Location: Northwest Watershed Research Center

Title: From drought to flood: A water balance analysis of the Tuolumne River Basin during extreme conditions (2015 – 2017)

Author
item Hedrick, Andrew
item Marks, Danny - Danny
item MARSHALL, HANS-PETER - Boise State University
item MCNAMARA, JAMES - Boise State University
item Havens, Scott
item TRUJILLO, ERNESTO - University Of California - Cooperative Extension Service
item Sandusky, Micah
item Robertson, Mark
item Johnson, Micah
item BORMANN, KAT - California Institute Of Technology
item PAINTER, THOMAS - University Of California (UCLA)

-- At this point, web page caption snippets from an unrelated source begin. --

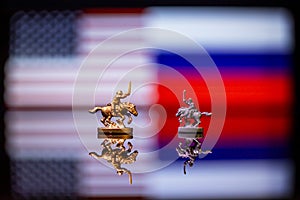 Conceptual image of war between United States and Russia using toy soldiers and national flags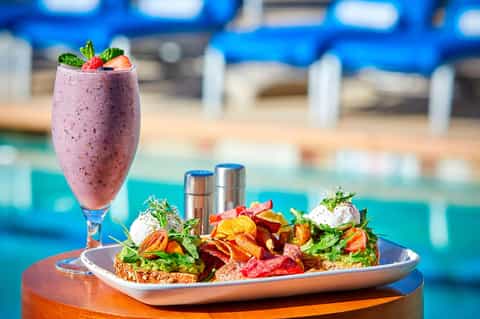 Gourmet salad and berry smoothie served poolside at resort restaurant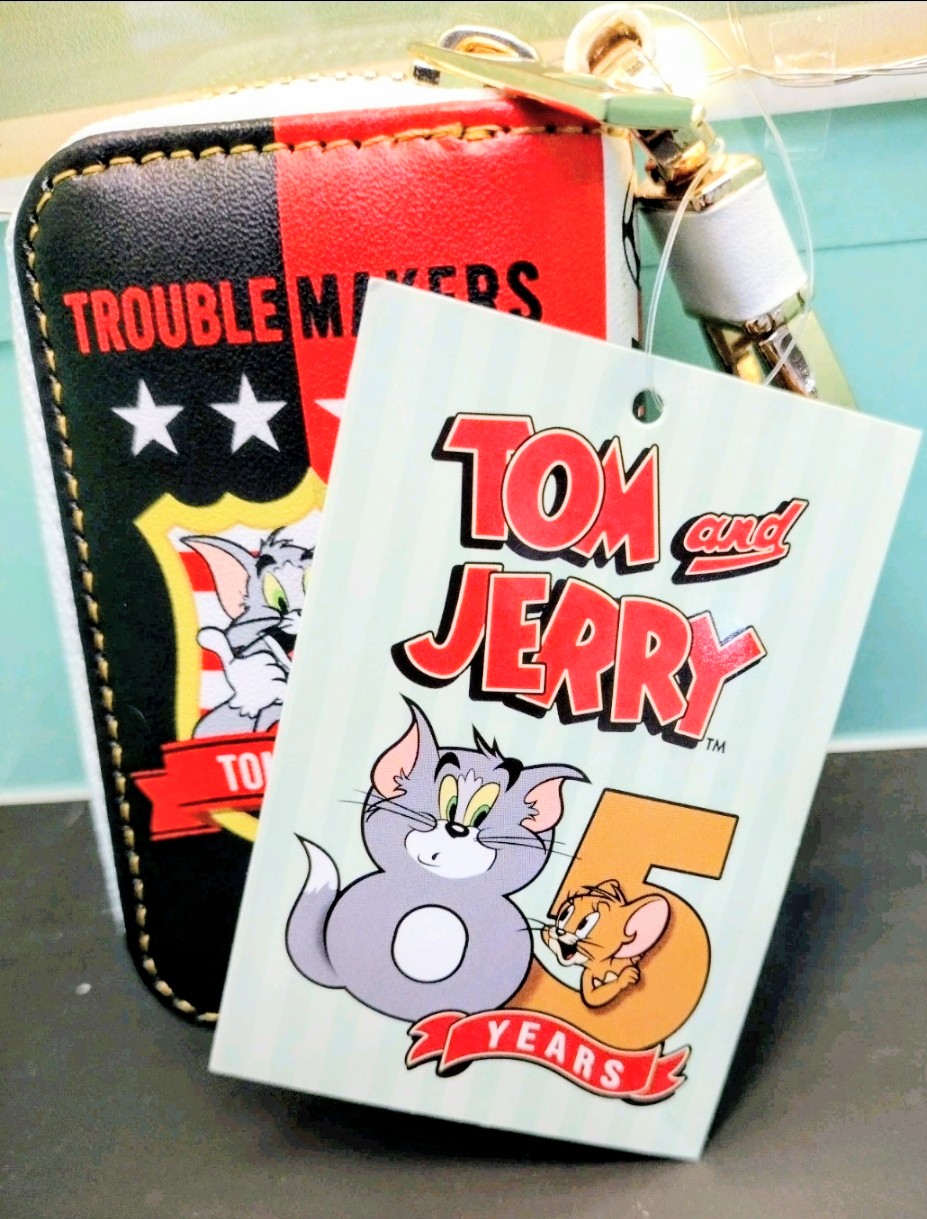 Smart key case in red and black with “Trouble Makers” graphic and hanging tag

Submitted to: Hydrological Processes
Publication Type: Peer Reviewed Journal
Publication Acceptance Date: 3/10/2020
Publication Date: 4/2/2020
Citation: Hedrick, A., Marks, D.G., Marshall, H., McNamara, J., Havens, S.C., Trujillo, E., Sandusky, M.L., Robertson, M.E., Johnson, M.J., Bormann, K., Painter, T.H. 2020. From drought to flood: A water balance analysis of the Tuolumne River Basin during extreme conditions (2015 – 2017). Hydrological Processes. 34(11):2560-2574. https://doi.org/10.1002/hyp.13749.
DOI: https://doi.org/10.1002/hyp.13749

Interpretive Summary: Basin annual evapotranspiration (ET) and runoff efficiencies (RE) are estimated using a water balance approach for three climatically dissimilar water years (2015-2017) in the snow-dominated Tuolumne headwater catchment. Surface water input (SWI) is highly constrained by a physics-based energy/mass balance model that is updated with periodic airborne lidar-derived snow depths. Results reveal that ET was similar year to year despite vastly different input precipitation amounts, while RE was nonlinearly related to both total annual SWI and snowfall fraction of precipitation.

Technical Abstract: The degree to which the hydrologic water balance in a snow-dominated headwater catchment is affected by climatic conditions is difficult to quantify, primarily due to uncertainties in measuring precipitation inputs and evapotranspiration losses. Over a recent three-year period, the snowpack in California’s Sierra Nevada fluctuated from the lowest in recorded history (2015) to historically large (2017), with a relatively average year in between (2016). This large dynamic range in climatic conditions presents a unique opportunity to investigate the correlation between annual water availability and runoff in a snow-dominated catchment. Here, we estimate evapotranspiration (ET) using a water balance approach where the water inputs to the system are constrained using a combination of remote sensing, physically based modeling, and in-situ observations. For all three years of this study, the NASA Airborne Snow Observatory (ASO) combined periodic high-resolution snow depths from airborne lidar with snow density estimates from a physically based energy balance model to produce spatial estimates of snow water equivalent (SWE) over the Tuolumne headwater catchment at 50-m resolution. Using the well-quantified hydrologic inputs from the snowmelt model along with periodic snow depth updates and observed streamflow from the basin outlet, we estimate annual ET and the associated uncertainty across these three dissimilar water years. Throughout the study period, estimated annual ET remained steady (222 mm in 2015, 151 mm in 2016, and 299 mm in 2017) relative to the large differences in basin input precipitation (547 mm in 2015, 1060 mm in 2016, and 2211 mm in 2017). Independent satellite-derived ET estimates and previously published studies in similar Sierra Nevada catchments are compared. Results reveal that ET in the Tuolumne does not scale linearly with the amount of available water to the basin, and that runoff efficiency (RE) primarily depends on total annual snowfall.